What is Debt Consolidation? Debt Consolidation Companies are companies that work with you and your creditors, making agreements for you to pay less than the full balance of the credit card. They are able to do this by telling the credit card companies that they should accept the lesser amount or risk nonpayment. Sounds good for you, doesn’t it? I’m sure that you heard the phrase that if it seems to be too good to be true then it probably is. In this case, it’s true.
Debt Consolidation affects your FICO credit score. When a credit card company accepts the agreed upon payment, they report to the credit reporting agency that your account was “settled for less”. This is a negative mark on your credit. I have always told you that the more recent a negative entry on your credit report, the more it affects your credit score. Just think if you do this with multiple accounts and all the negative marks appear on your credit report. Where will your FICO score end up?
And to top all that off, you are paying the Debt Consolidation Company a fee to do this to your FICO score.
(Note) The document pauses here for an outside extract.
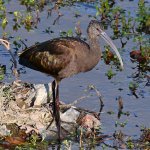 Ibis.jpg
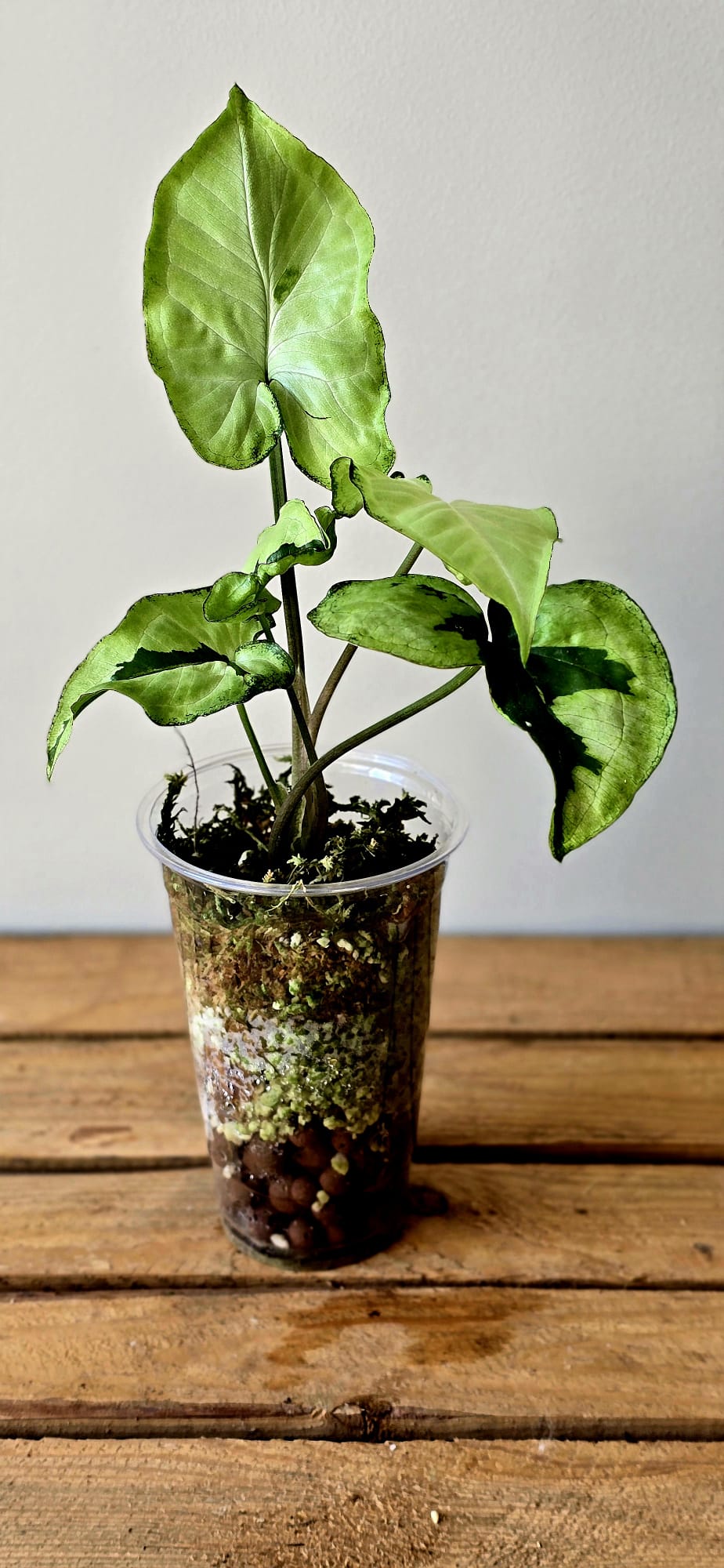 Syngonium Green Beauty Lava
Don’t forget that you need good credit to refinance an unmanageable mortgage, get your dream job, or lower interest rates that are draining your entire monthly budget.
The better solution would be to go to a Debt Management Company. Debt Management Companies are usually non-profit companies that will look at your whole financial picture, give you counseling and educate you. You give the Debt management Company your monthly bill paying amount and then they distribute your money to the creditors to pay down your debt. This does NOT hurt your FICO score and is the better choice. Make sure you use a reputable company – do your homework.